### What you will do:
Reproduce exactly the lines of this material that begin at the line with "Modularni poufovi 4" and end at the line with "Set of 2 Contemporary", both included. Omit the pictures and everything else.

### Records for the task:
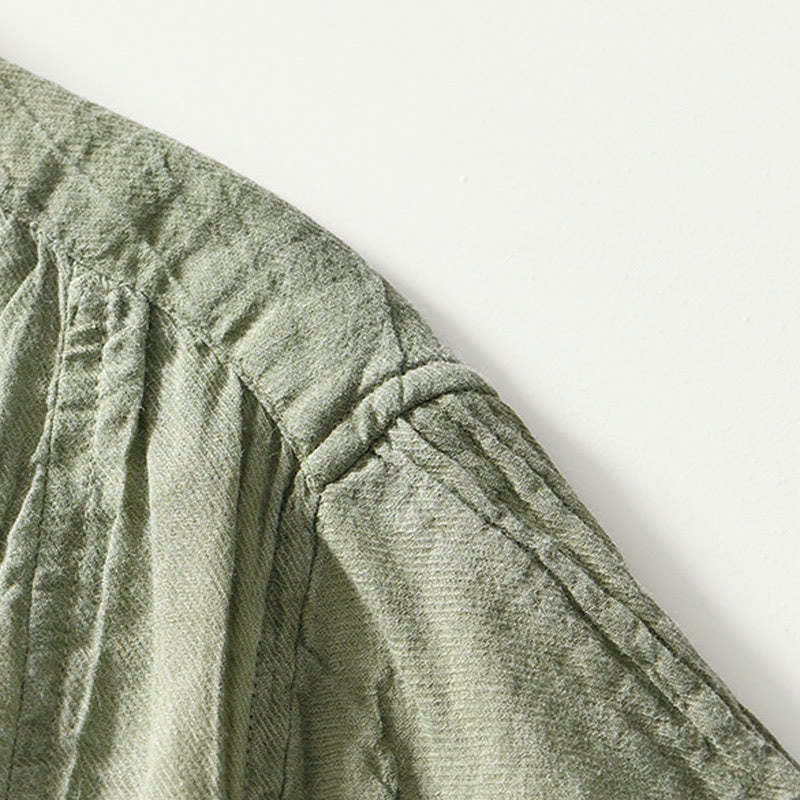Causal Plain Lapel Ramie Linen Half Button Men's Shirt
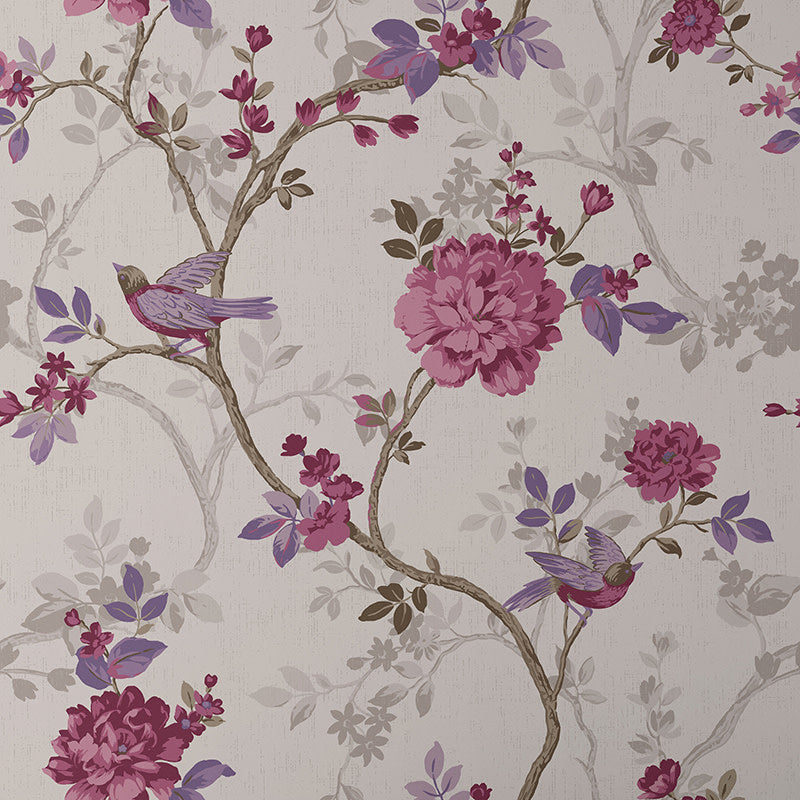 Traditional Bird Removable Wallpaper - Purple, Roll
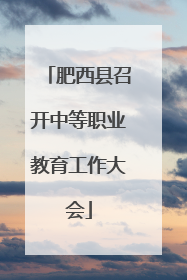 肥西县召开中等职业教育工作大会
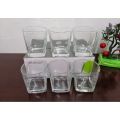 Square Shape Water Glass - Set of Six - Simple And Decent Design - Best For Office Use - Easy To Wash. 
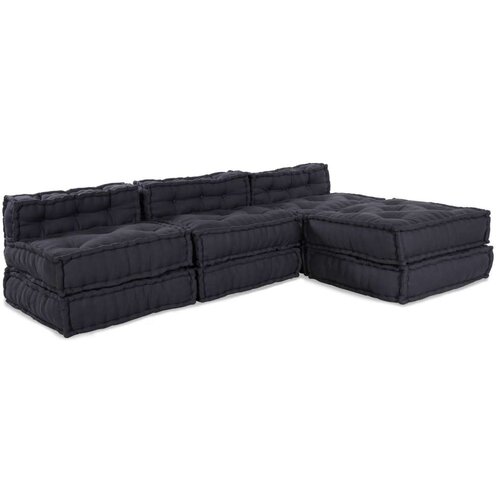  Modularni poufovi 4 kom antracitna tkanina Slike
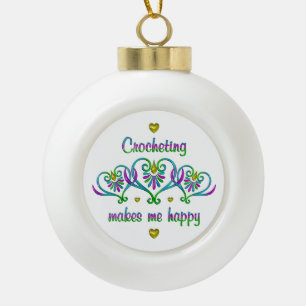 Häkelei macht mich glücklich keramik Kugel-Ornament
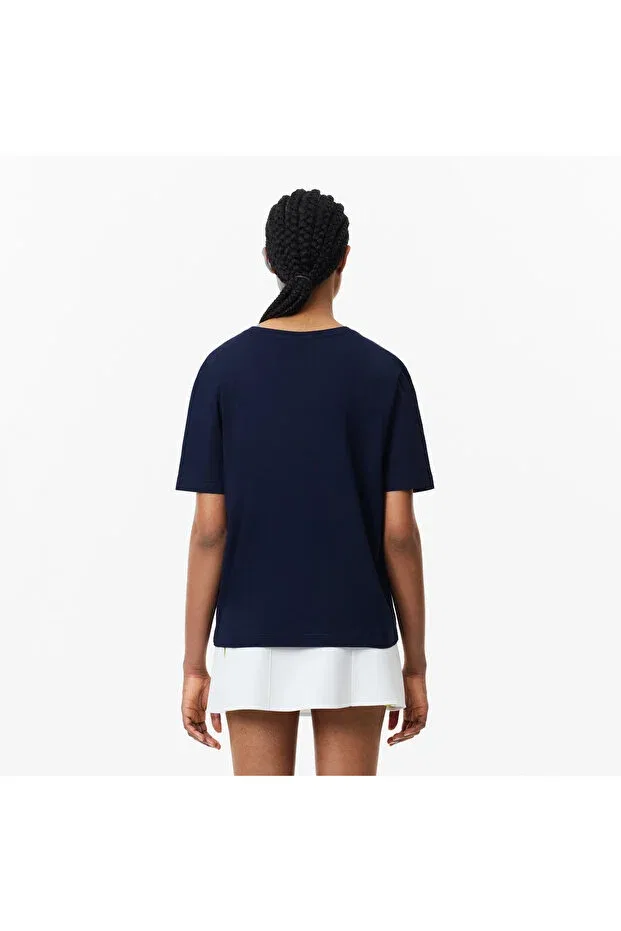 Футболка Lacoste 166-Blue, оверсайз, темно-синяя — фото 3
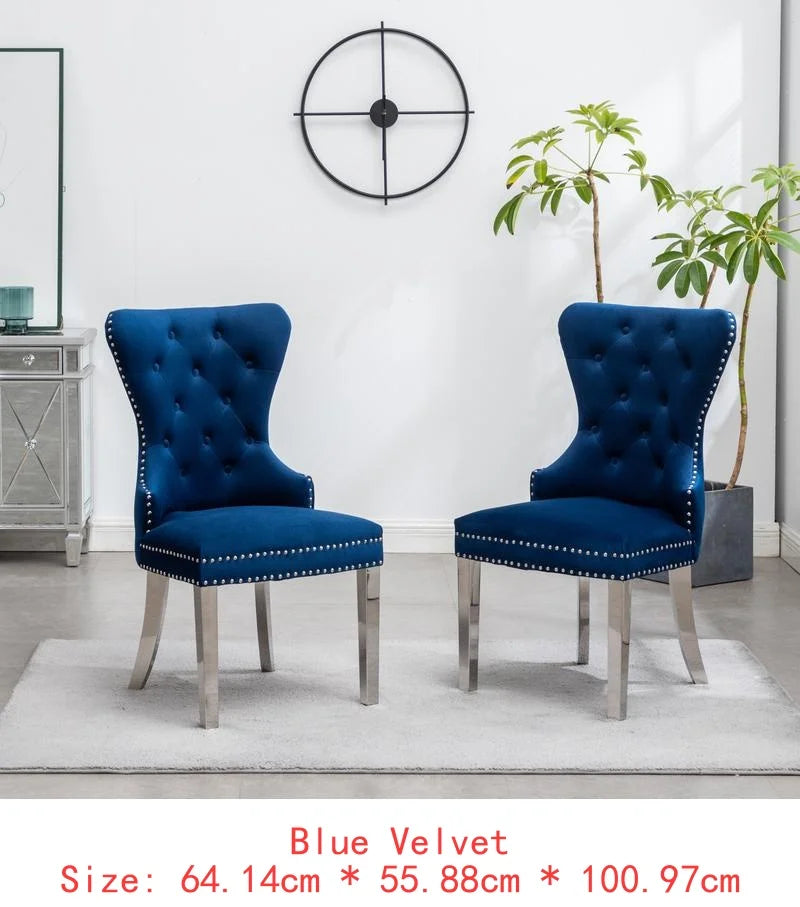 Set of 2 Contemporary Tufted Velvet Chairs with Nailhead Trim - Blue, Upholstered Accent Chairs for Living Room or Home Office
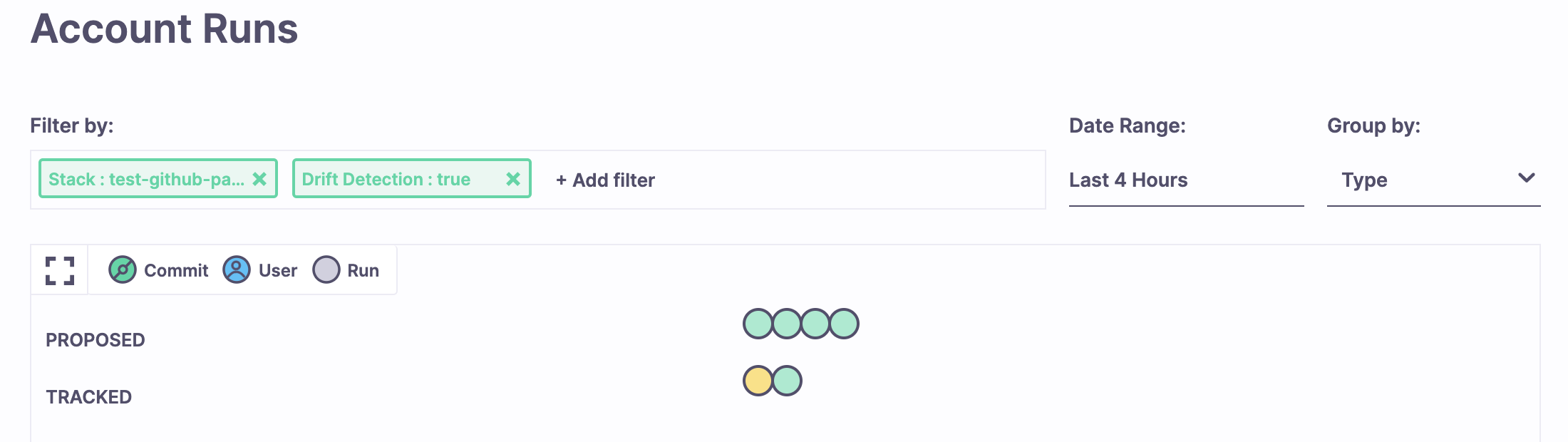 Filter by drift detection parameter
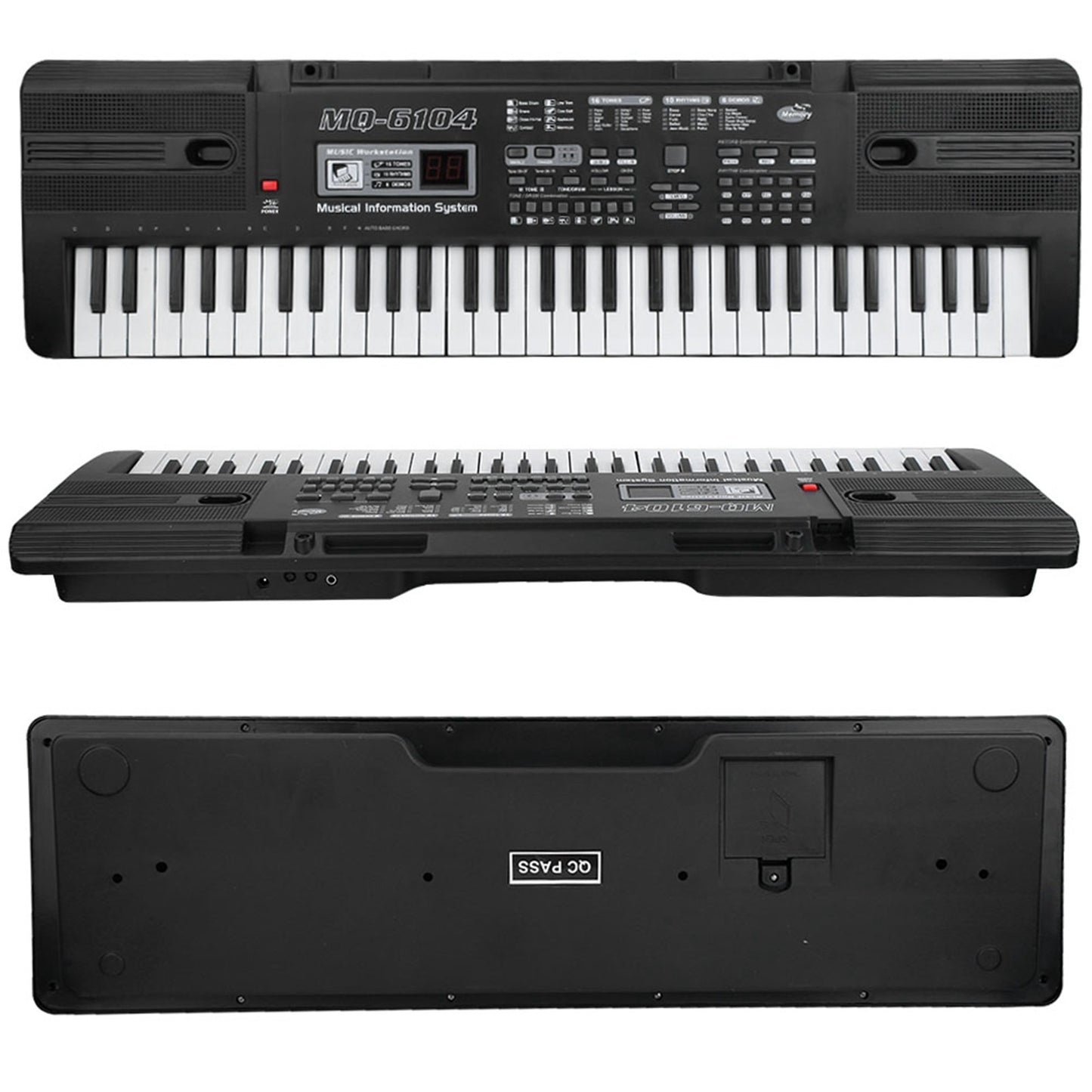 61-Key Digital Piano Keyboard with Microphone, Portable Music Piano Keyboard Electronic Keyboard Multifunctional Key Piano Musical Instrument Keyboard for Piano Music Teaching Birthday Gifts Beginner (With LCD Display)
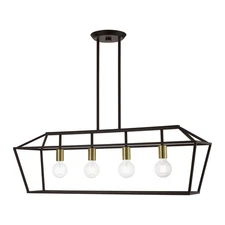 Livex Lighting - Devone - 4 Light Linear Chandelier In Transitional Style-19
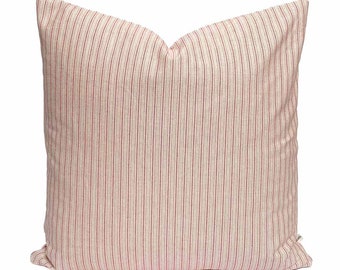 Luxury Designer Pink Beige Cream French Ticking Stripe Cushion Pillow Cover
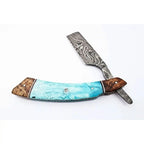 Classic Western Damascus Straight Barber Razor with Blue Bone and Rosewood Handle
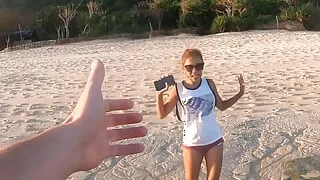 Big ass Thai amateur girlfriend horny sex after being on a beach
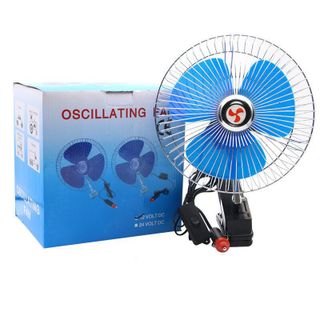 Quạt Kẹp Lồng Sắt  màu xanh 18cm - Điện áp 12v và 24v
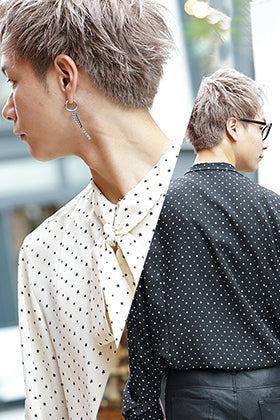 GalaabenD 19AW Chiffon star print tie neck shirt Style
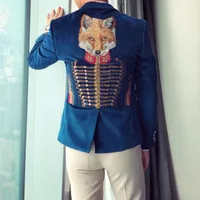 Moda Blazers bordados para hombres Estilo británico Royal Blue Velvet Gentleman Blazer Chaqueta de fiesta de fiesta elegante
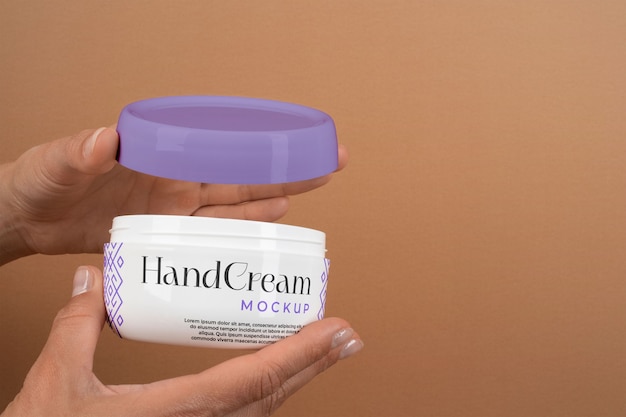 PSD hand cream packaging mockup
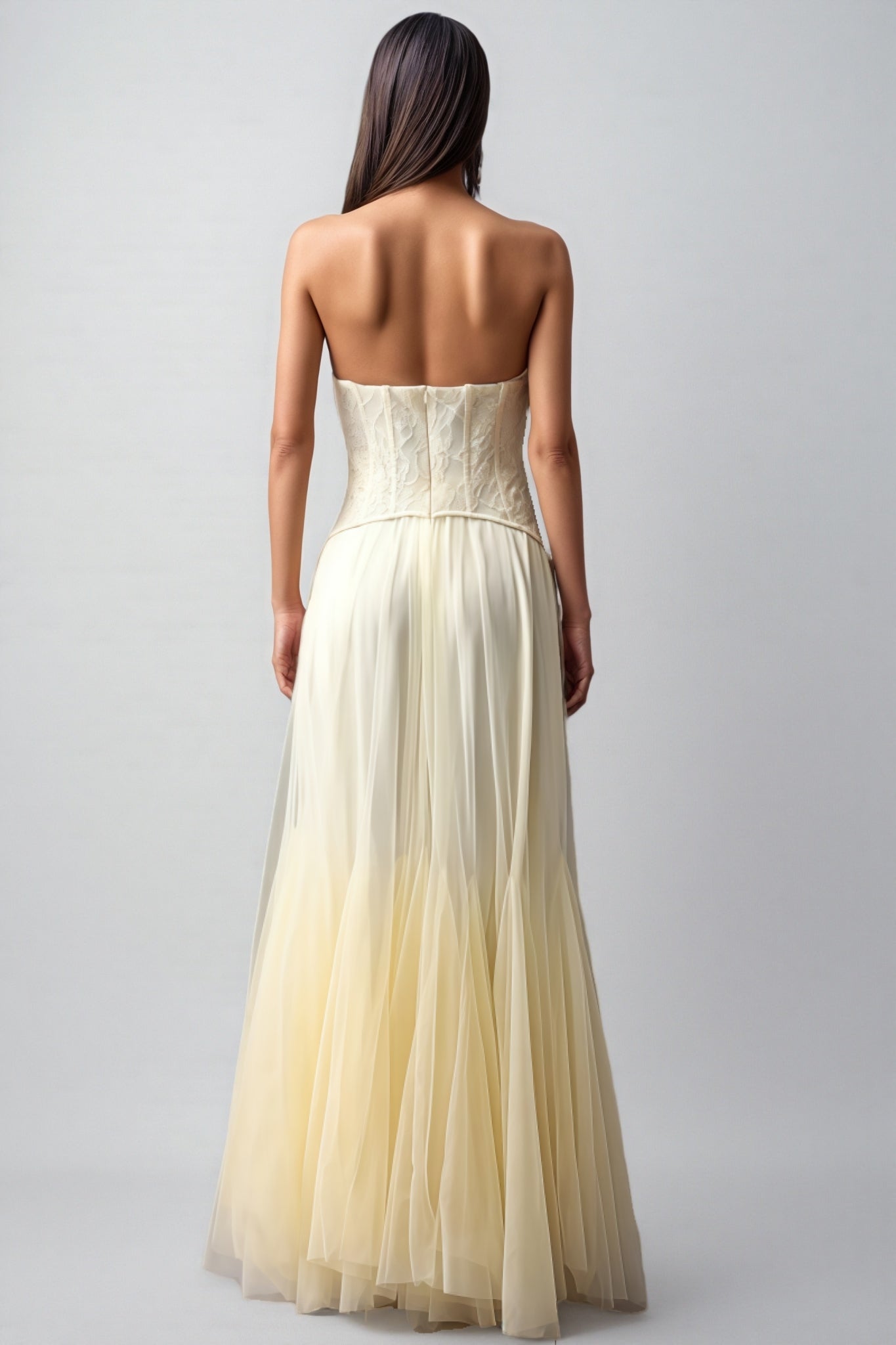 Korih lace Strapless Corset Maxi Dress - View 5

### Finished exercise:
  Modularni poufovi 4 kom antracitna tkanina Slike
 Häkelei macht mich glücklich keramik Kugel-Ornament
 Футболка Lacoste 166-Blue, оверсайз, темно-синяя — фото 3
 Set of 2 Contemporary Tufted Velvet Chairs with Nailhead Trim - Blue, Upholstered Accent Chairs for Living Room or Home Office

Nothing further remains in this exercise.